褚墨心中一動,不動聲色道:「我今日便是要和你少爺成親?」
「是啊,不過……」
「秋汀。」冬茉出聲打斷了秋汀的話。
褚墨也沒有繼續再問。
他此刻基本已經判定,即將與他拜堂之人多數就是遲無尚了。
很快便到了管家所說的吉時,褚墨頭上被蓋上了一道厚厚的蓋頭,被兩個丫鬟牽引著來到了前廳。
周圍人聲鼎沸,嗩吶聲聲,皆是道賀之聲。
站在大廳中央,褚墨手中被塞了一條大紅的綢緞,他微微偏頭,順著綢緞看過去,只見綢緞另一頭沒有人,而是綁著一隻雄赳赳的大公雞。
公雞由管家抱在懷裡,氣勢昂揚。
這個發現叫褚墨有些不安。
凡俗之人的確有公雞代拜堂的習俗,但前提是一方無法行動,或是已死。
難道遲無尚出了什麼事?
很快拜堂完畢,褚墨再次被牽引著往後堂走去。
半刻鐘後,一扇房門在他面前開啟,管家道:「公子,請進吧,少爺在裡面等您。」
褚墨踏過門檻,門在他身後輕輕關上。
褚墨抬手摘下頭上的蓋頭放到一邊,大概觀看了一下屋裡的佈局。
此時房間內並無喜慶佈置,顯得分外尋常,外間佈局很簡單,只有一張桌子和幾條凳子,靠牆立著兩排書架,上面擺滿了書籍。進入裡間之後,褚墨一眼便看到牆上掛著的那幅畫,漫天飄雪之中,落雪亭下,紅衣少年手持長劍回眸,臉上滿是笑意。

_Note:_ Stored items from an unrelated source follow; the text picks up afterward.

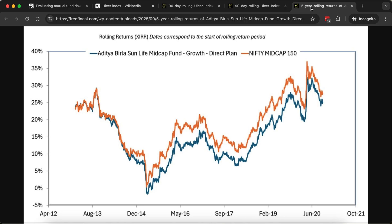You are not going by returns alone — you are looking at how stressful it has been for the investor to hold that fund. If that stress is pretty low and return performance is also reasonable — not spectacular, not necessarily top one, two, or three — but if the ulcer index is consistently low, then that fund is a reasonable fund to hold for active fund investors. Of course, our recommendation of choosing passive funds always holds, but many people invest in active funds, and this is a reasonable way of choosing them. This will soon be part of our mutual fund screener.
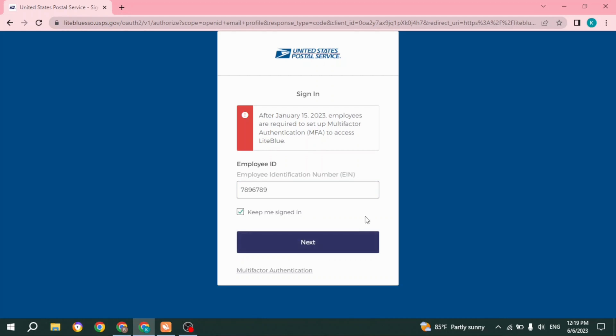On the other page, you have to type in your password and you will be logged into your Liteblue USPS employee portal.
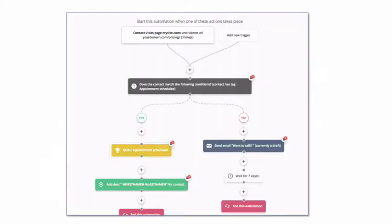LeadSmart Engage is an extremely robust yet simple-to-use system for intelligently automating the lead nurture process and driving leads towards sales readiness.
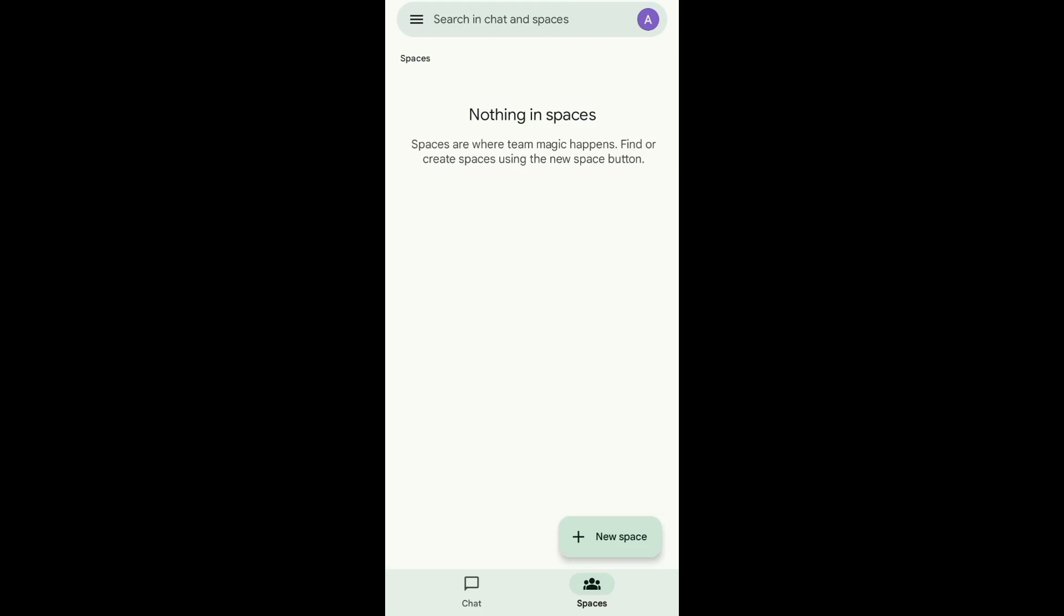Hello guys, in today's video I'll be showing you how to delete contacts on Google Chat. So without further ado, let's begin. To start, open your Google Chat app and then go to the chat page.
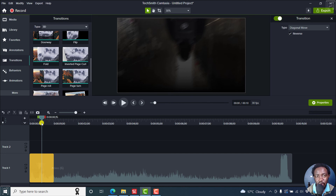And that is how you can reverse the direction of a transition in Camtasia. The version I'm using is Camtasia 2022. Thank you so much for watching this video. Go get creative. Thanks for watching.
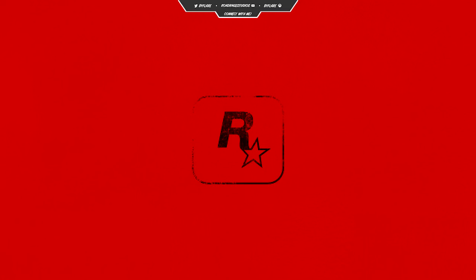That's pretty much it. Thank you guys all very much for watching. My name has been Flair, signing out.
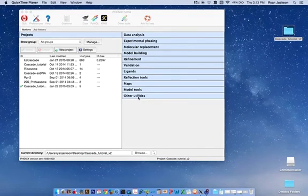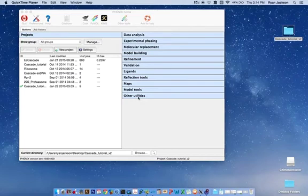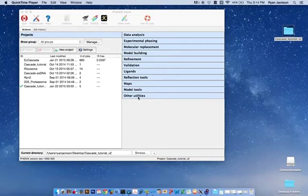This is Supplemental Movie 4, which is a tutorial associated with the Nature Protocol X-ray Structure Determination using low-resolution EM maps for molecular replacement.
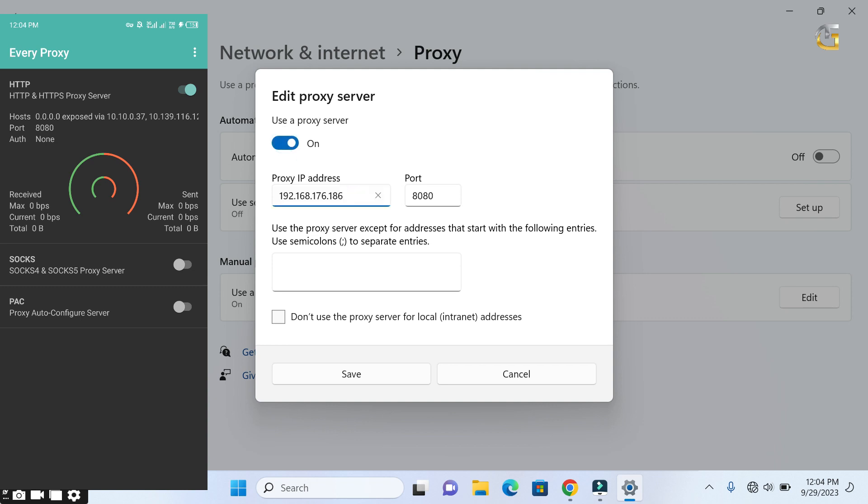In the proxy IP address, you have to use any of the hosts provided by the Every Proxy. You can select any one of your choice. Under port is 8080. Make sure to input the code correctly to avoid error, then you click on save.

褚墨認出那是他十六歲時,一次練劍後,在亭子邊等遲無尚回來時的場景。
視線從畫上移開,看向房間裡唯一的一張床,上面的身影褚墨再熟悉不過。
是遲無尚。
此時遲無尚似乎處於昏迷狀態,面色蒼白,身形也是褚墨從未見過的消瘦。
顯然他已經很虛弱了。
褚墨走到床邊,給男人號了號脈。
脈象虛浮,時斷時續,儼然是絕脈之相。
難怪他家會給他找個人回來沖喜。
起初褚墨對遲無尚的狀況有過推斷,但看到時仍有些意外,他料想遲無尚的狀況可能不怎麼好,但沒想到竟糟糕到如此地步。
若是他再晚來一步,恐怕就再也找不到遲無尚了。
將男人的手放了回去,褚墨出外間寫了一張方子,開啟房門,對守在門外的管家道:「幫我準備這些東西。」
管家接過單子,「公子,你這是做什麼?」
「你不是想讓我來替你家少爺沖喜治病麼?我直接替他治病豈不更好?」褚墨笑道。
管家沉吟了一會,估計量褚墨也不敢害人,「行,我這就去準備。」
不出兩個時辰,褚墨要的東西就準備好了。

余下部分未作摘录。